[Opening INFORMATION SUPPLIED section]
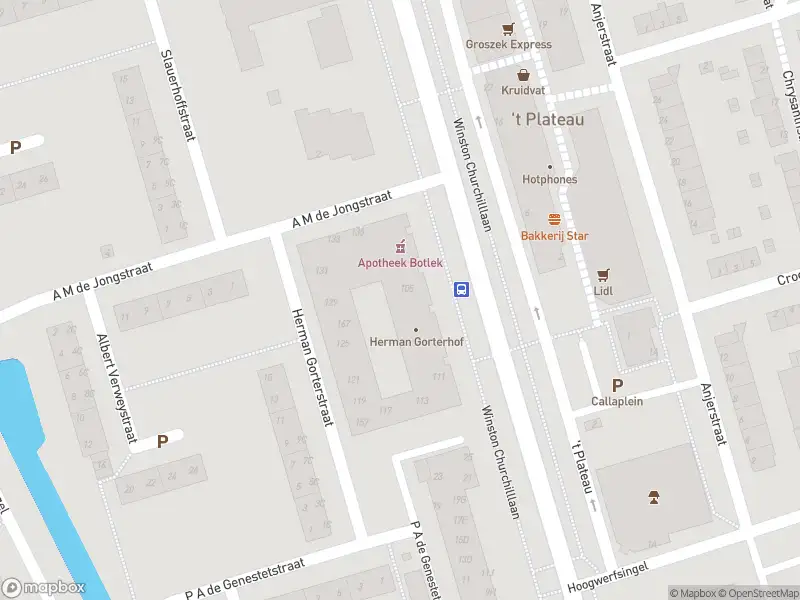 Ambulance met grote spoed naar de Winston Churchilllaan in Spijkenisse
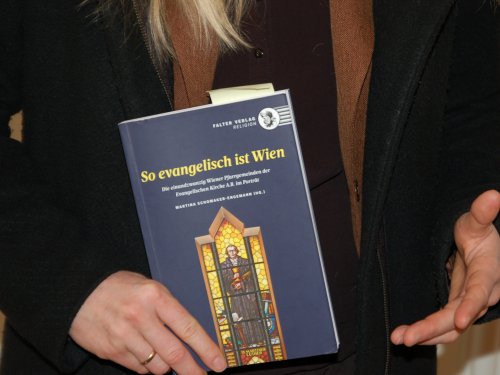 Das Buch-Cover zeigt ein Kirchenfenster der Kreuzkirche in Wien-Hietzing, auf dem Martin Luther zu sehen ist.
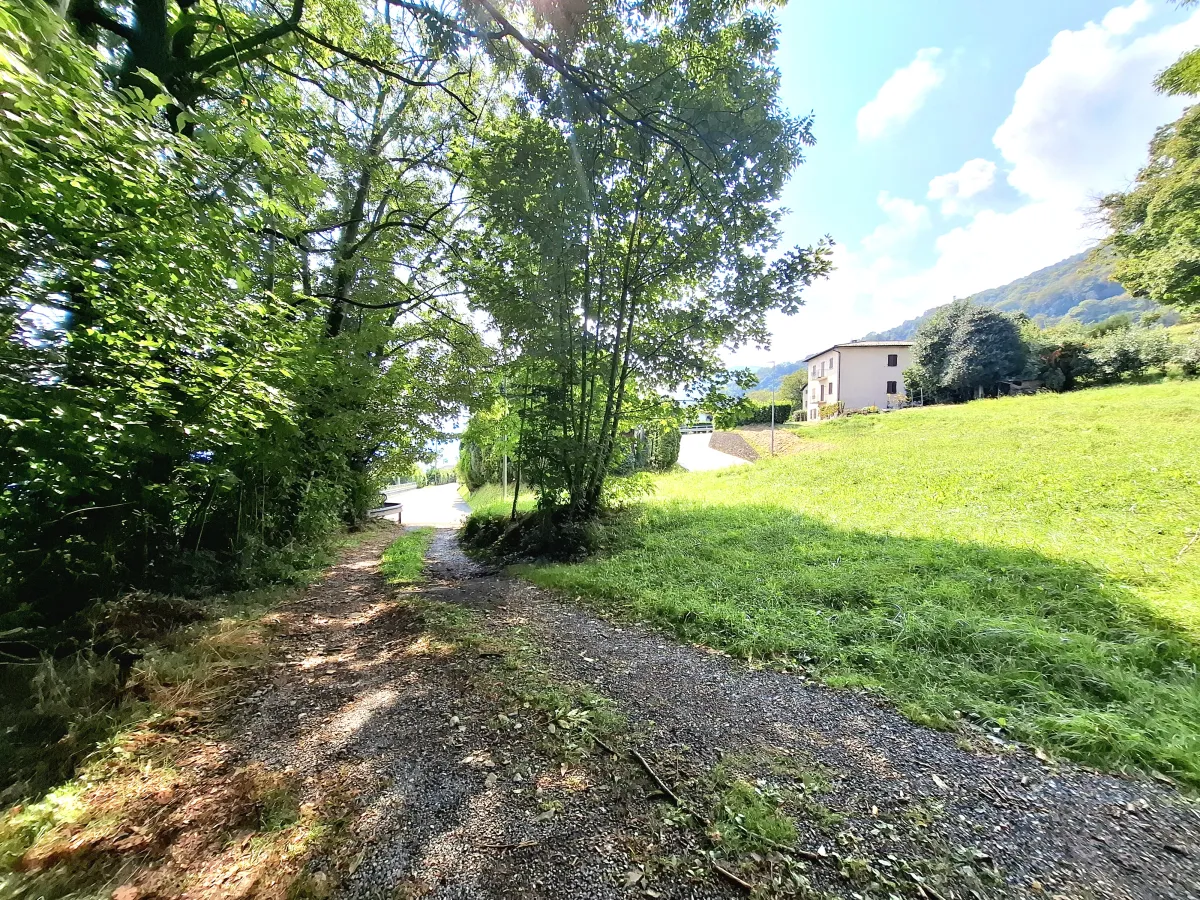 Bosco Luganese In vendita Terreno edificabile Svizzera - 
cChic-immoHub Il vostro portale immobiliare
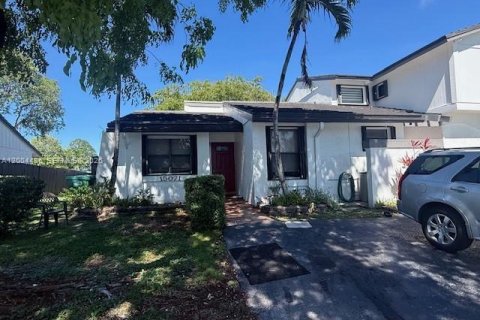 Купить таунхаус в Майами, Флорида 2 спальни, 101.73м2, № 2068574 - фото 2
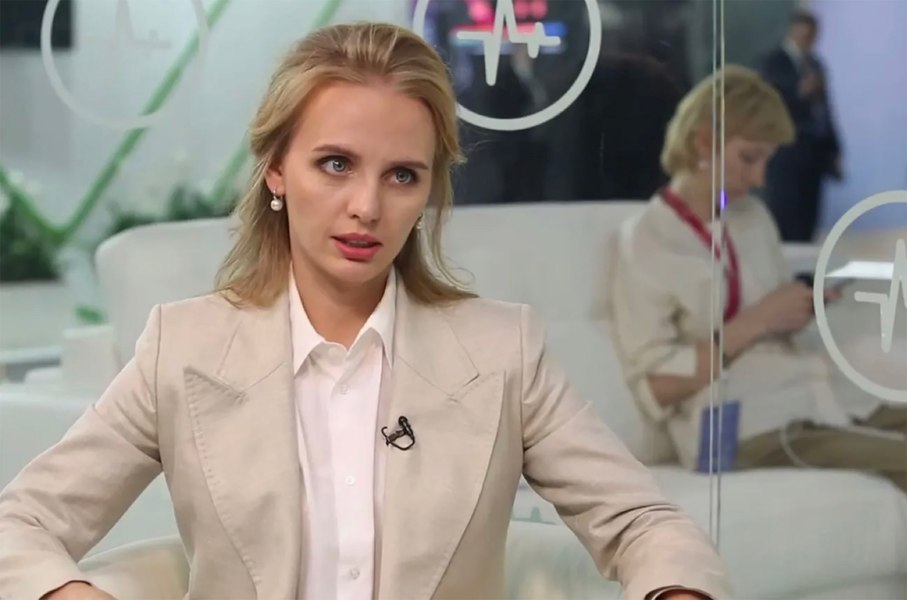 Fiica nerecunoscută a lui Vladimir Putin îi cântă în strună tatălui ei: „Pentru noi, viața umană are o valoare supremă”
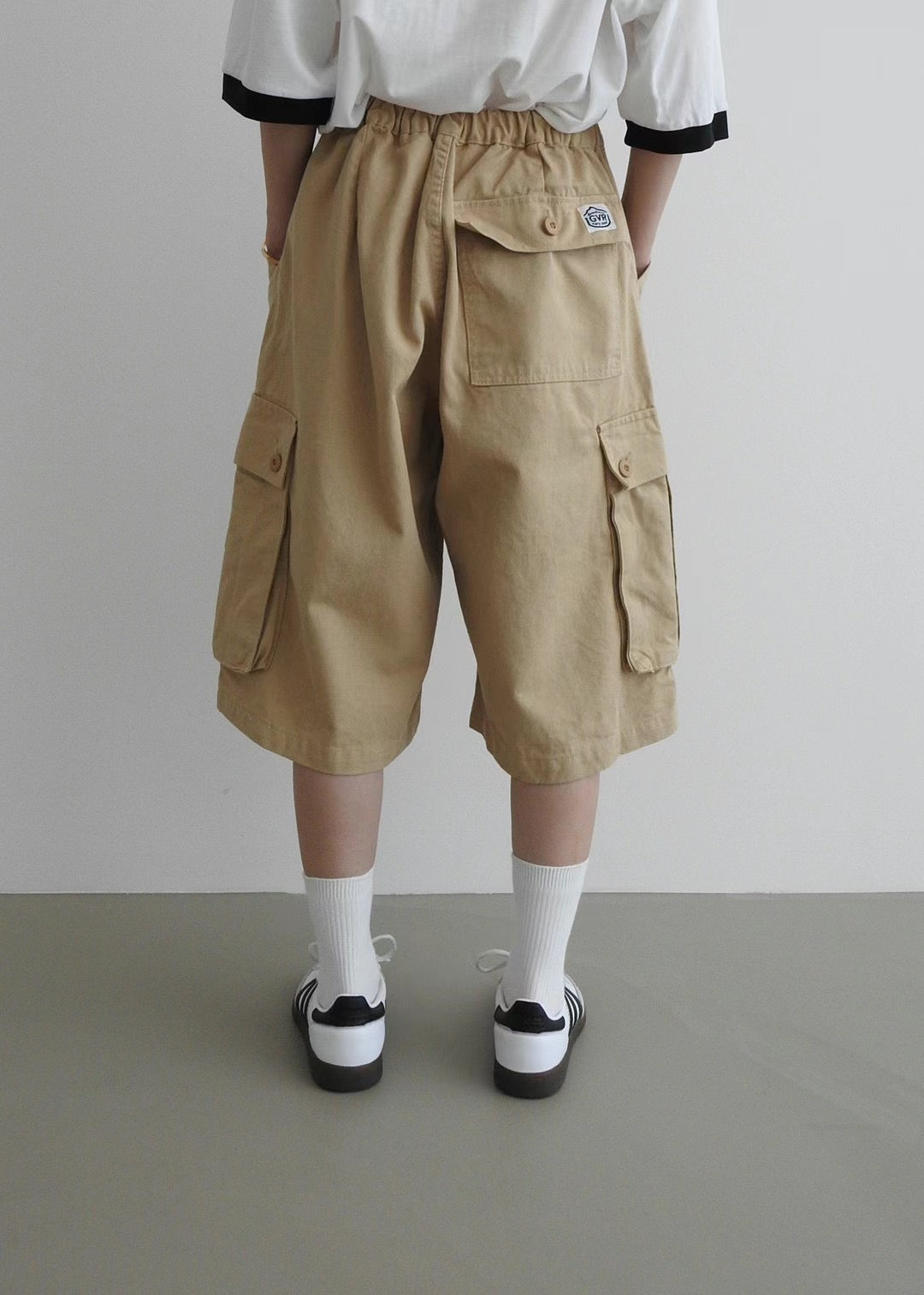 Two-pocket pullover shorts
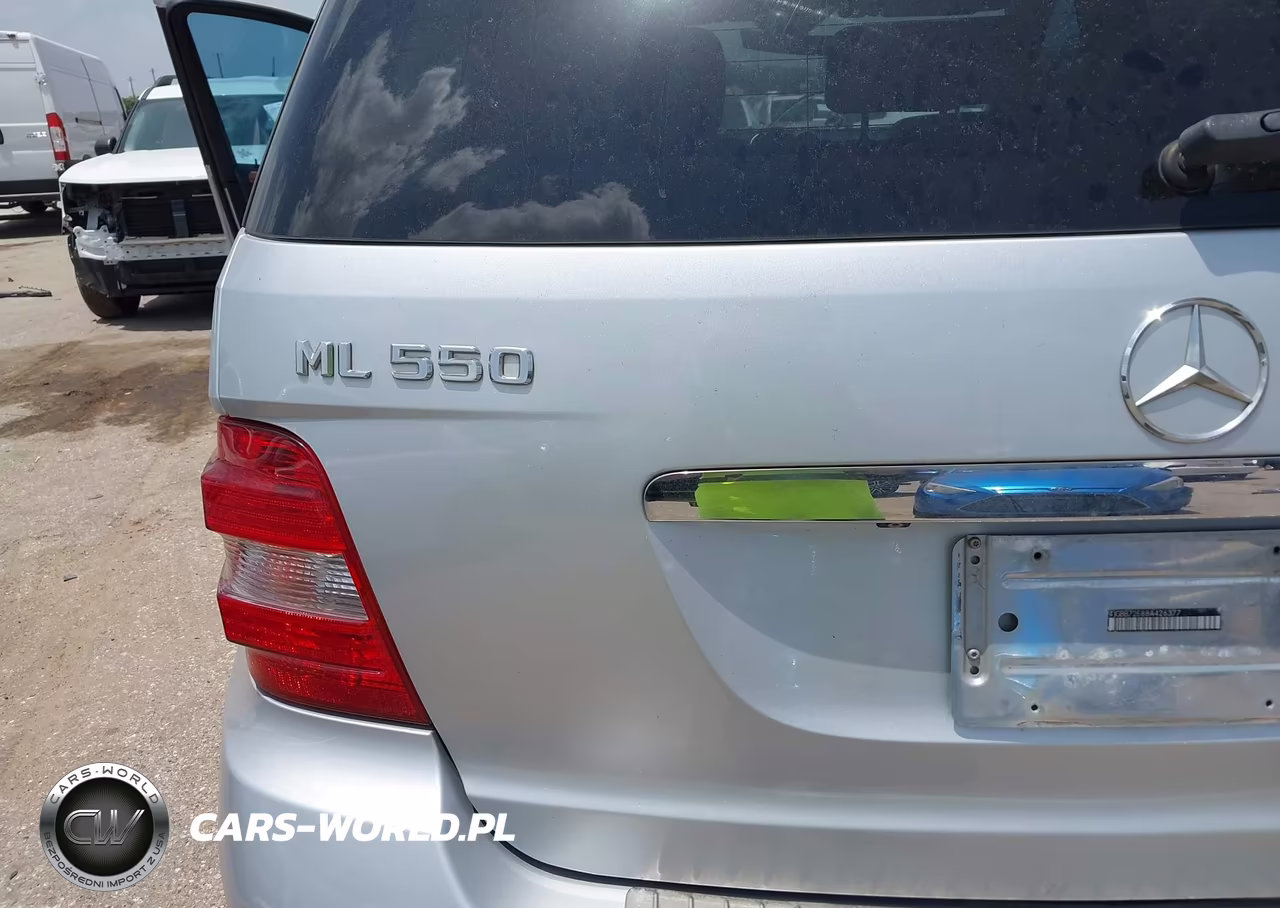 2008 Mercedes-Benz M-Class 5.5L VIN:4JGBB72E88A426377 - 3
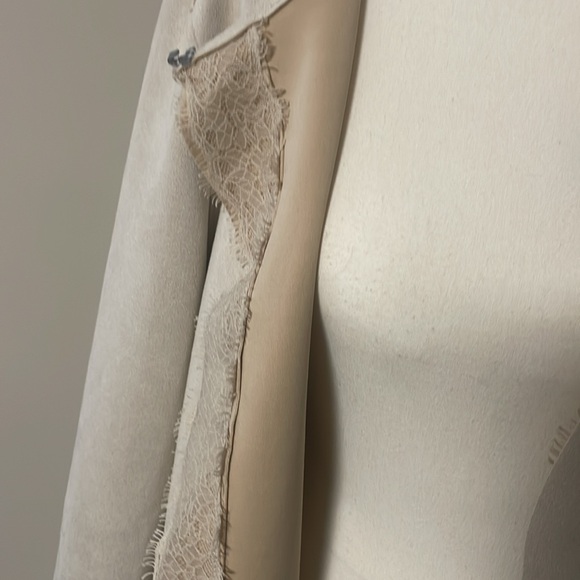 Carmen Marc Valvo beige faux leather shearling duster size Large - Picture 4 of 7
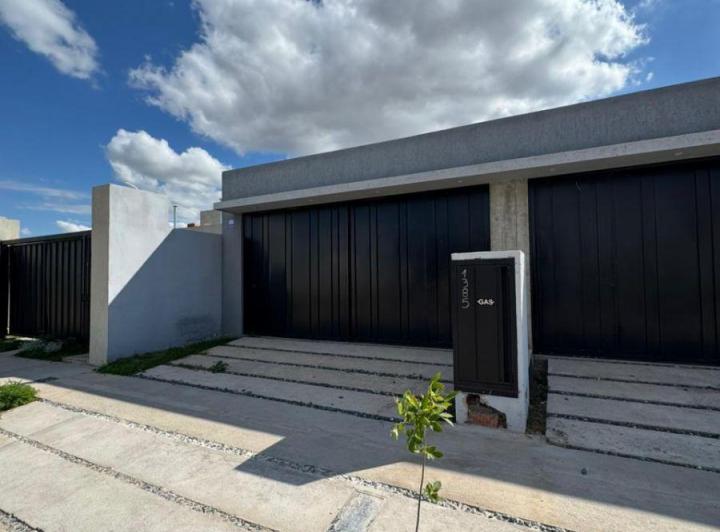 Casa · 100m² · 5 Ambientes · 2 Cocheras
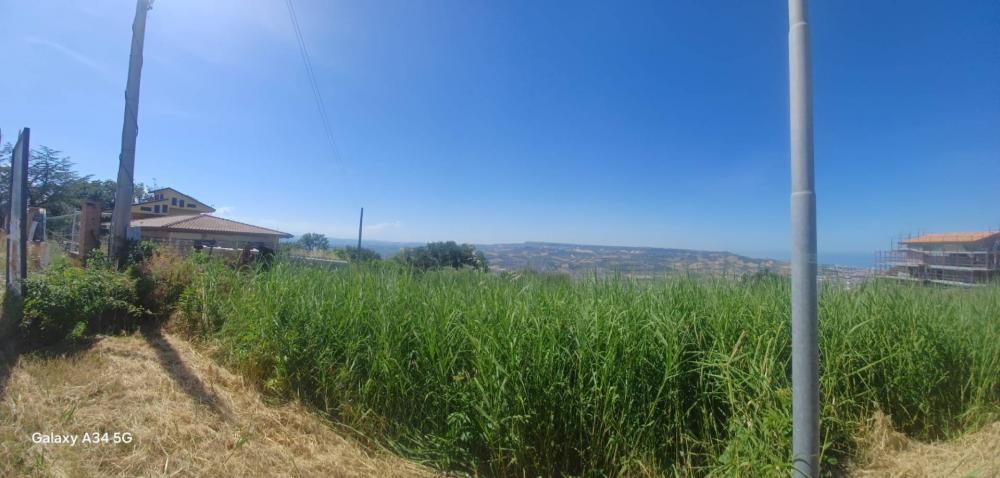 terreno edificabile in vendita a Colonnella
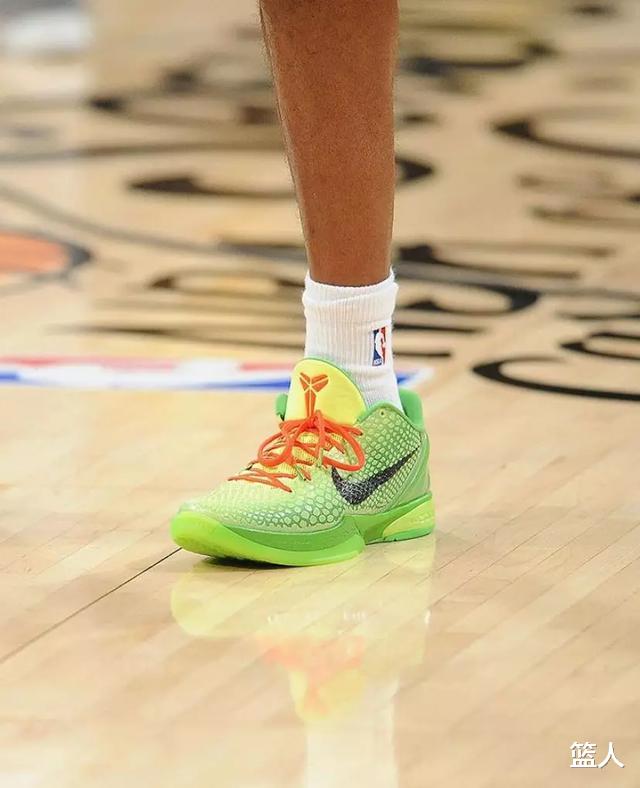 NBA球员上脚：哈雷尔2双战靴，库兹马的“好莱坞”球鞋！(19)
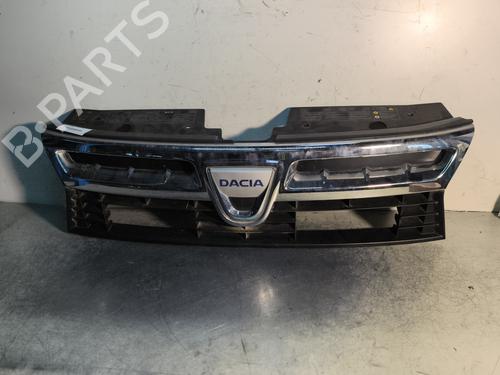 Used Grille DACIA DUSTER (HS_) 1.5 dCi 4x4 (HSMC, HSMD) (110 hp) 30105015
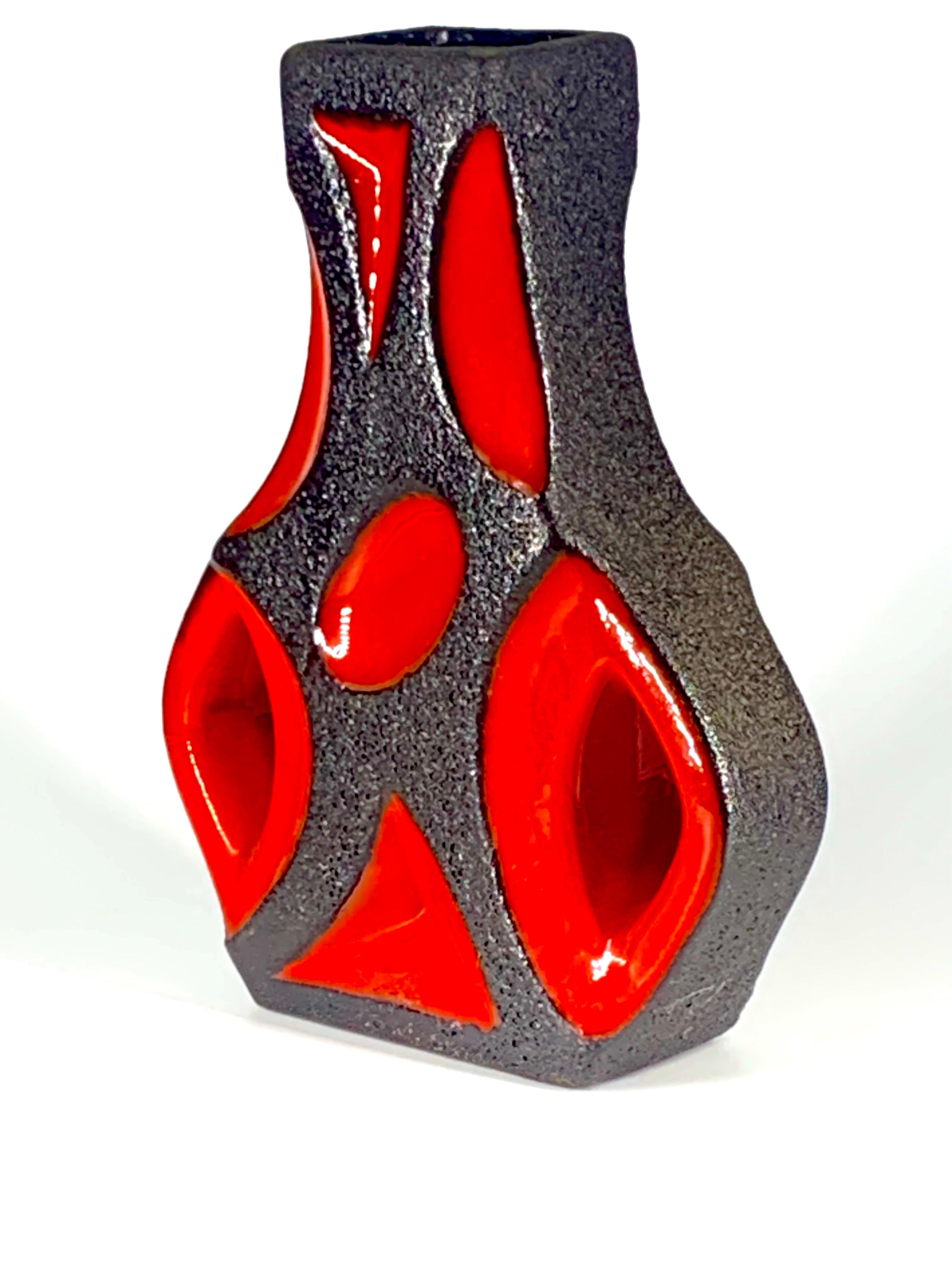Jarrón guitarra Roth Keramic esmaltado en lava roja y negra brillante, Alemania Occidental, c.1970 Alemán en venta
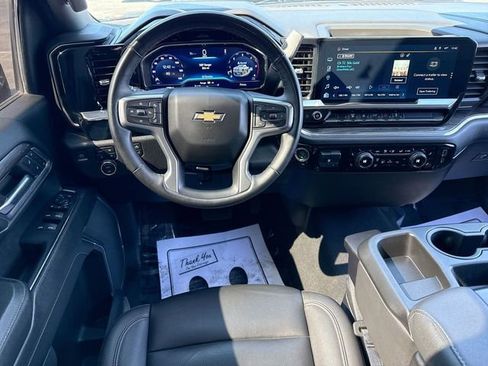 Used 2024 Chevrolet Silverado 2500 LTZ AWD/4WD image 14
[Closing INFORMATION SUPPLIED section]
:: DIRECTIONS ::
An exact copy of the material above is required, minus its images.

:: RESPONSE BOX ::
 Ambulance met grote spoed naar de Winston Churchilllaan in Spijkenisse
 Das Buch-Cover zeigt ein Kirchenfenster der Kreuzkirche in Wien-Hietzing, auf dem Martin Luther zu sehen ist.
 Bosco Luganese In vendita Terreno edificabile Svizzera - 
cChic-immoHub Il vostro portale immobiliare
 Купить таунхаус в Майами, Флорида 2 спальни, 101.73м2, № 2068574 - фото 2
 Fiica nerecunoscută a lui Vladimir Putin îi cântă în strună tatălui ei: „Pentru noi, viața umană are o valoare supremă”
 Two-pocket pullover shorts
 2008 Mercedes-Benz M-Class 5.5L VIN:4JGBB72E88A426377 - 3
 Carmen Marc Valvo beige faux leather shearling duster size Large - Picture 4 of 7
 Casa · 100m² · 5 Ambientes · 2 Cocheras
 terreno edificabile in vendita a Colonnella
 NBA球员上脚：哈雷尔2双战靴，库兹马的“好莱坞”球鞋！(19)
 Used Grille DACIA DUSTER (HS_) 1.5 dCi 4x4 (HSMC, HSMD) (110 hp) 30105015
Jarrón guitarra Roth Keramic esmaltado en lava roja y negra brillante, Alemania Occidental, c.1970 Alemán en venta
 Used 2024 Chevrolet Silverado 2500 LTZ AWD/4WD image 14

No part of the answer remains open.